Thought-provoking results of a first-of-its kind study released today by the Ponemon Institute, sponsored by cyberrisk management firm ArcSight, quantifies how much cybercrime is costing companies.

The giant Black Hat cybersecurity and always-edgy Def Con hackers’ conference take place in Las Vegas this week. Good timing for these results.

Ponemon surveyed security pros in 45 U.S. organizations and concluded that cybercrime is having a material impact in the corporate arena. Over a four-week period, the 45 organizations experienced 50 successful attacks per week, or more than one successful attack per organization per week, and reported a median annual cost of $3.8 million per organization per year.

The smallest loss was $1 million; the biggiest, nearly $52 million.

“Every corporation is vulnerable to thousands of cyber attacks that occur daily across all industries, causing information theft, disruption to business operations and serious financial loss,” said Dr. Larry Ponemon, founder and chairman of the Ponemon Institute.

Ponemon recommends that companies appoint of a chief information security officer, or CISO, charge him or her with designing and implementing a security strategy and invest in technologies to defend against complex threats. “Companies are able to reduce the financial impact of cybercrime,” he says.

The study also found:

  • The most costly cyber crimes are those caused by web attacks, malicious code and malicious insiders, which account for more than 90% of all cyber crime costs per organization on an annual basis.
  • Cyberattacks took up to 42 days or more to resolve, with the average cost to an organization of nearly $18,000 per day.

No silver bullet

No surprisingly, the study also quanitified put a figure a number on how much organizations can save by buying and implementing so-called Security Information and Event Management, or SIEM systems, of the kind sold by ArcSight, CheckPoint, eIQ Networks, High Tower, Q1 Labs, NetIQ, Cisco and RSA.

Ponemon found that the participating companies that had deployed a SIEM system achieved a 24% cost savings when dealing with cyber attacks versus those that had not.

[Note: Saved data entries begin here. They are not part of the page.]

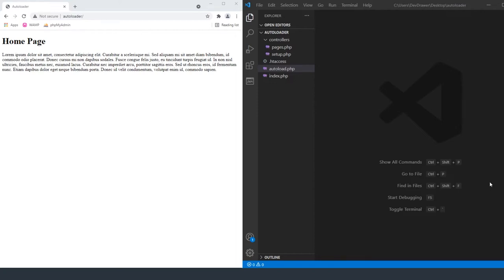Hey guys, welcome back to a new episode of Dev Drawer. Today we're going to be going into how to create a simplified PHP autoloader class that allows you to pull all of your classes from a specific folder and be able to use them throughout the website with just a few lines of code. Let's get started.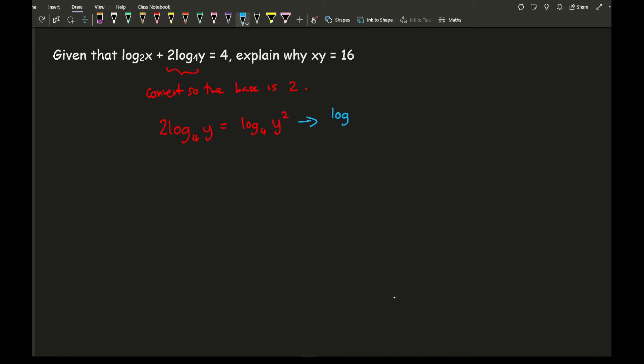Now from this I'm then going to use that formula to convert this into, so I've got log of 2, which is going to be my new base, of y squared over log 2 of 4, which is the original base.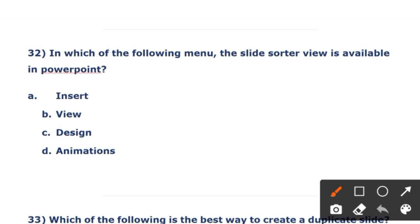The next question: in which of the following menus is the Slide Sorter view available in PowerPoint? The options are Insert, View, Design, and Animation. The right answer is View — Slide Sorter view is available under the View menu.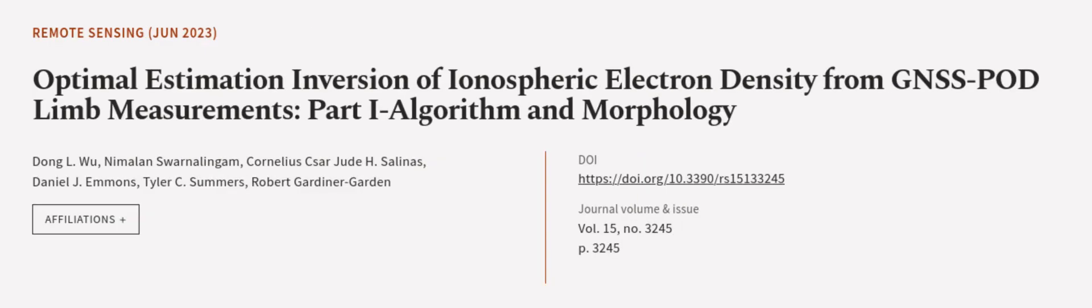This article was authored by Dong L. Wu, Nicholas Ssessanga, Cornelius C. J. H. Salinas, and others. We are article.tv, links in the description below.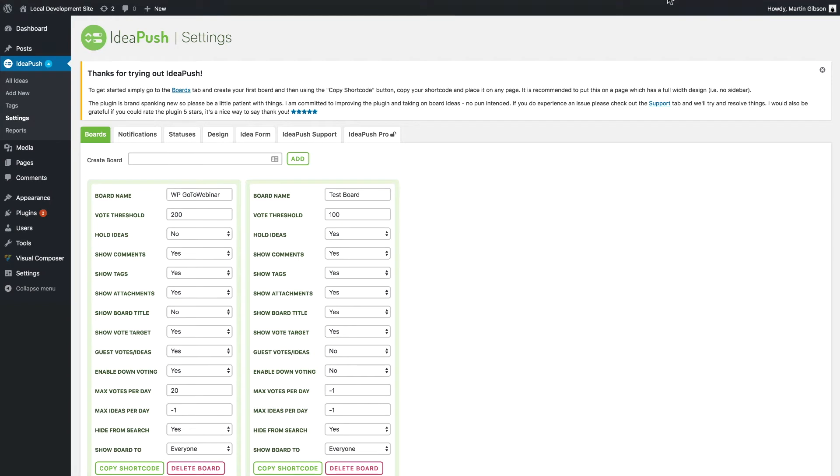In this video I just want to go through some of the cool features of IdeaPush Pro. If you want to learn more about the basic functionality of IdeaPush and how to use the plugin, I recommend checking out the plugin walkthrough video which I'll put in the description of this video.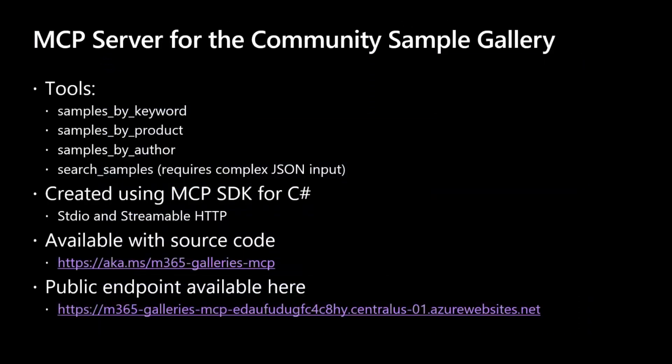And that's why, from a community point of view, we decided, I decided, to create the MCP server for the community sample gallery, which is right now providing four different tools. One is the sample by keyword, as you can argue from the name. You can use it to search for samples in the community gallery by providing a specific keyword to search for.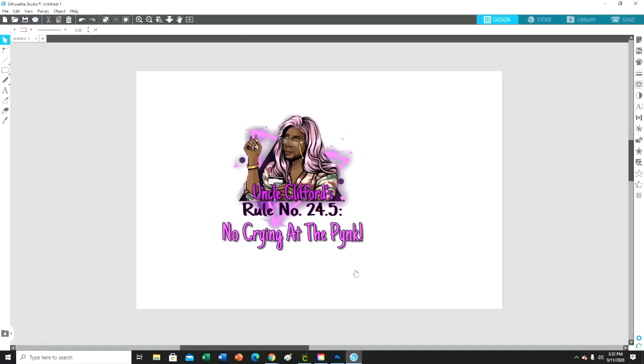Hey guys and welcome back to another video here with Crafty Mama. If you're new, welcome; if you're not, welcome back. What I'm gonna do today is show you guys how I sublimate this image.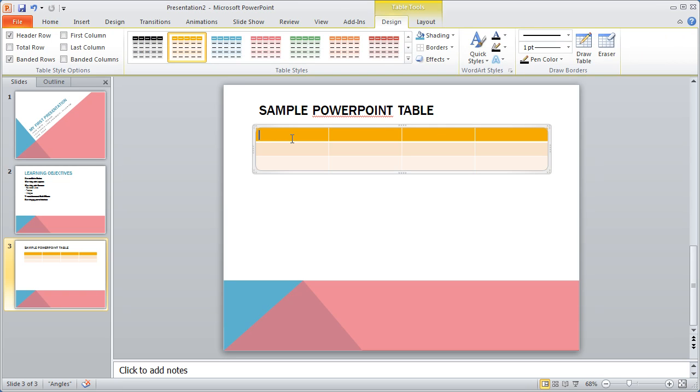I'm going to go ahead and click in the table and I can simply begin to type information in. Now if you're familiar with tables in Microsoft Word, all the skills you learned in those Word tables are going to translate over into your PowerPoint. So you may want to take advantage of some of our video tutorials on working with Word tables and then apply them here inside of Microsoft PowerPoint.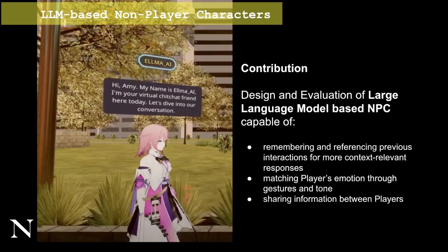We are motivated to contribute to this discourse of designing and evaluating LLM-based NPCs that are capable of supporting social interactions in VR by remembering and referencing previous interactions for more context-relevant responses.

t“Every organization should be concerned about cyber attacks and how much it will cost to manage and contain them,” says Tom Reilly, president and CEO of ArcSight. “However, cyber threats are constantly evolving and traditional signature-based perimeter security is no longer enough. We believe that delivering a comprehensive platform for Enterprise Threat and Risk Management (ETRM) will increase visibility across the enterprise and successfully mitigate exposure to the risks of modern-day cyber crime.”

Of course, any tech security vendor, when pressed, cannot truly defend the position that his or her particular product or system is a silver bullet that will prevent security breaches and data theft. Corporate networks are being increasingly probed from all quarters, not the least of which is via well-meaning employees using Facebook to network and be more productive, as LastWatchdog reported in this investigative report.

Defending against cyberattacks is a complex challenge, not the least of which is sifting all of the vendor hype, something that will reach a feverish pitch in the Nevada dessert this week.

Any senior manager who needs to figure out security should start with Jennifer Bayuk’s book,  Enterprise Security for the Executive: Setting the Tone From The Top, in which the former Bears Stearns CISO explains why and how data loss risks should be measured, monitored and mitigated.